Opposition hijacks the slogan "sunny side of life" to highlight alleged rights abuses after failing to secure a boycott of the luxury destination.
Maldives opposition sabotages Twitter tourism promotion
The Maldivian opposition has hijacked the tourism slogan "sunny side of life" to highlight alleged rights abuses after failing to secure a boycott of the luxury destination.
The Maldivian Democratic Party was sabotaging the tourism ministry's Twitter campaign after an unsuccessful bid to discourage holidaymakers to the pristine archipelago, the government spokesman, Masood Imad, said yesterday.
"They hijacked the Twitter campaign after they failed miserably to discourage tourists from visiting us," Mr Imad said. "This will also fail like their previous attempts to pressure the government."
However, campaigners have been using social media to protest against the government of President Mohamed Waheed, who came power under controversial circumstances in February.
It is unclear who started using the hashtag sunny-side-of-life (#sunnysideoflife) to send out anti-government tweets, but it had become popular to vent anger against a regime the opposition see as illegitimate.
"Young people of Maldives who have seen the violence have resorted to this clever use of Twitter," the MDP spokesman Hamid Abdul Ghafoor said.
"#SunnySideOfLife: Pepper spray victims all around me." said one Maldivian blogger on Twitter.
"Sunny side of life or coup side of life, locals are confused!," said another.

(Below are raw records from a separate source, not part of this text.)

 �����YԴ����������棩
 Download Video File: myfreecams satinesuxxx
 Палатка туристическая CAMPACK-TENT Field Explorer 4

"TV crew attacked by Maldives police, sunny side of life, or brutal side of life #maldives," said another blogger using the hashtag the authorities use to promote the nation known for its up market resorts.
The government last month paid US$250,000 (Dh917,500) for an international campaign that included sponsoring the weather report on BBC with a catch line: "Sunny side of life."

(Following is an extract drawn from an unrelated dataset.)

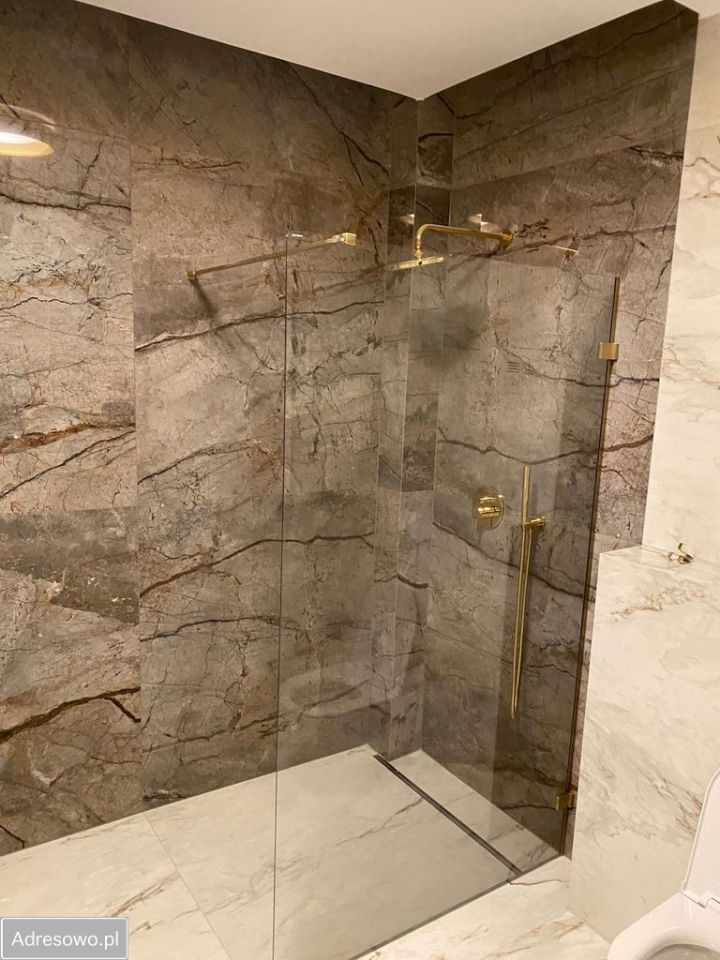 Mieszkanie 2-pokojowe Radom Śródmieście, ul. Bolesława Prusa. Zdjęcie 7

Anti-government protests in the past week had turned violent with police clashing with protesters at the Republic Square in the capital island Male.
Dozens had been arrested and later released following nightly demonstrations led by the former president Mohamed Nasheed who resigned in February after weeks of protests were capped by a police mutiny.

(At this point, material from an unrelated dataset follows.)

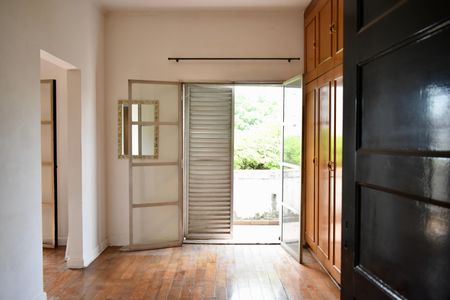 Apartamento para alugar com 110m², 2 quartos e sem vagaQuarto 2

Mr Nasheed later accused his predecessor Mohamed Waheed of being involved in a military-led coup to oust him. Mr Nasheed is now calling for early elections, a demand rejected by Mr Waheed.
The European Union as well as the United States and India have called for early elections to end the political turmoil in the Indian Ocean archipelago.
Mr Nasheed became the first democratically elected leader in the Maldives following multiparty elections in October 2008.